There are some people who deemed China to have been doing badly last year, and that was based on their trading experience with China at the time. During the same period, there is another section of stakeholders who experienced thriving business trading with China. In the steel sector, for example, investors lost in excess of $11 billion in the course of the year. And, of course, the situation was worsened by the fact that the country’s property market could not absorb the amount of steel that is normally anticipated on a yearly basis, because construction activity had slackened.

On the contrary, investors in the movie industry were laughing all the way to the bank. Shrek the Third, Monster Hunt, for example, which was released in July last year, grossed almost $30 million in one of those early days of its release.  These are the kind of contrasting performances that keep China’s economy afloat even when trade on a global basis is suffering.

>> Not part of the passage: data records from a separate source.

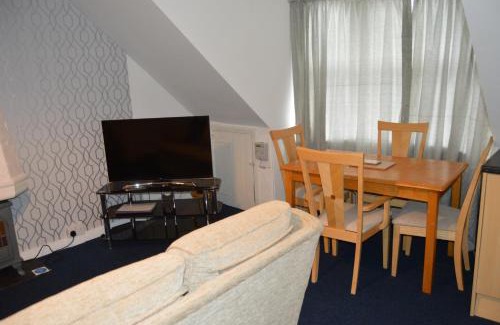 Pittencrieff Apartment | Holiday Apartment Dunfermline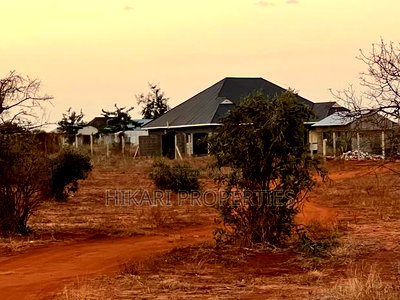 Plot on Sale Vindo (50x100) - Image 2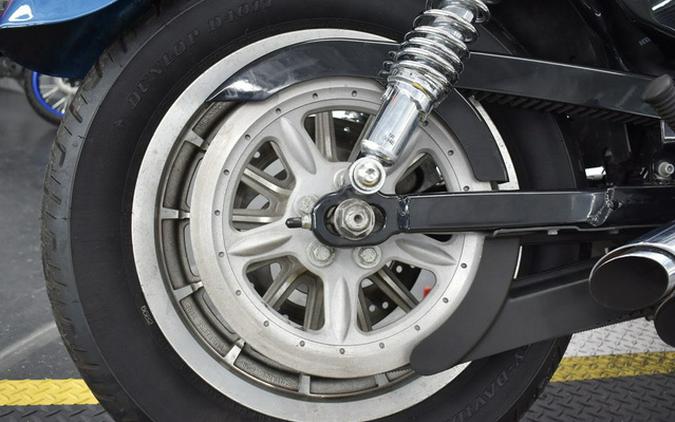 2005 Harley-Davidson XL883 - Sportster 883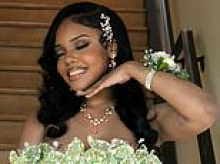 Schoolgirl seriously injured in freak accident while trying to flee shooting that erupted at prom after-party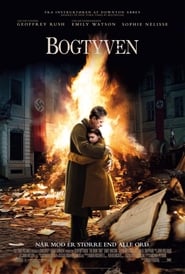 Bogtyven [The Book Thief]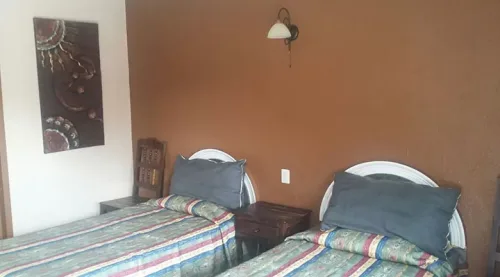 Hotel y Motel Martinica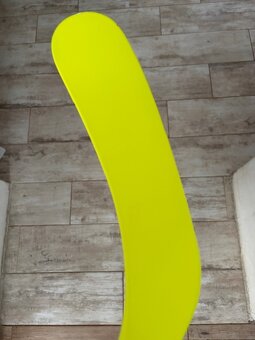 Hokejka Bauer PROTO2 - 5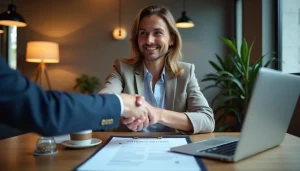 Contract Sales Closers: The Strategic Role Driving Revenue Through High-Value Deals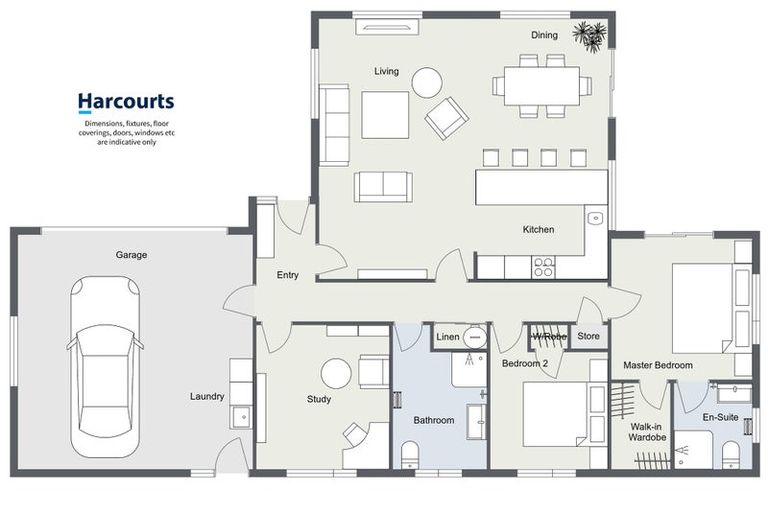 Photo of property in 28 Ara Drive, Redwoodtown, Blenheim, 7201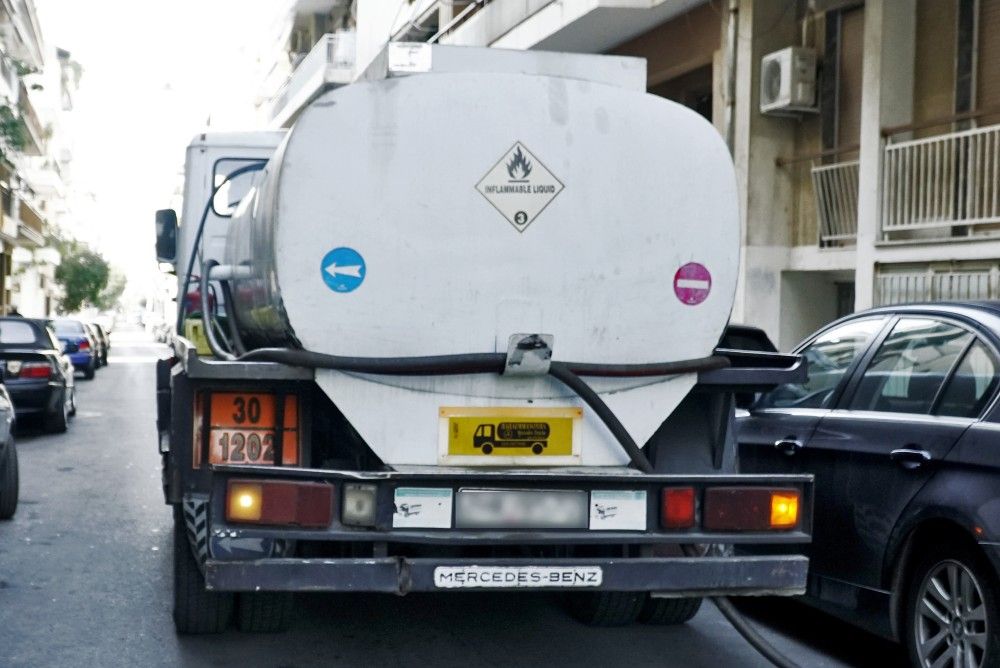 Επίδομα θέρμανσης: Πότε θα γίνει η πρώτη καταβολή - Όλες οι λεπτομέρειες της ΚΥΑ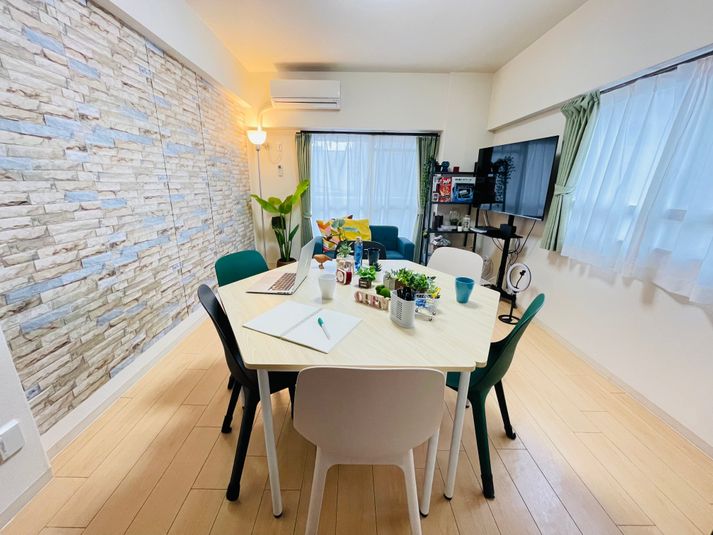 フィット薬院 - シュンルーム/ボンフル高砂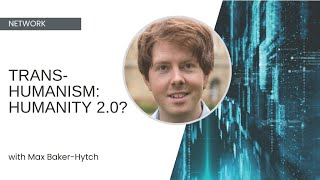Video: God Created Man Imperfect. Transhumans are Perfect | Max Baker-Hytch | FOCLOnline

The State Of The Stock Market In China

Since mid 2015, the stock market in China has been performing badly. With the value of most premium stocks having fallen by about a third between June and July, only the diversity of the Chinese economy kept the local economy from sinking. The situation was so bad that around 1,400 listed companies sought to halt business in a bid to thwart further losses. The subject of China’s failing stock market even became a topic of global discussion, with the IMF bringing it up in Peru during its annual meeting when finance ministers of member countries meet.

Gladly, China is resilient when it comes to matters of business; and by December last year, its stock market was showing signs of revival. To affirm China’s upbeat mood in the financial market, the country reported in January this year that the country’s GDP for 2015 had risen by 6.9%. It is such facts that most likely influenced a Forbes journalist to assert that China was not practically doing badly, but was merely refocusing its attention from the manufacturing sector and directing it to the service sector. In fact, despite the dire performance in the steel manufacturing sector and the similarly poor performance at the stock exchange, China managed an overall economic growth rate of 5%.

China’s Prospects For 2016

China expects to stabilize the ailing sectors of its economy as it improves on those that are already doing fine. There is so much optimism in the country that the anticipated economic growth rate of 6% still remains the target. It is also anticipated that the country will hold back on regulation of exchange rates, allowing for fair play of the market forces. China also plans to open up its market to new investors particularly in the technology sector, without inhibiting entries from overseas.

The country also plans to work on green initiatives, to ensure its pollution levels are well managed. This is meant, not just to give citizens a good living and working environment, but also to attract foreign investors especially in sectors where the country’s economy is weak. The red flag of December 2015 where residents of 10 Chinese cities had to be confined indoors for sometime due to smog was a wake-up call.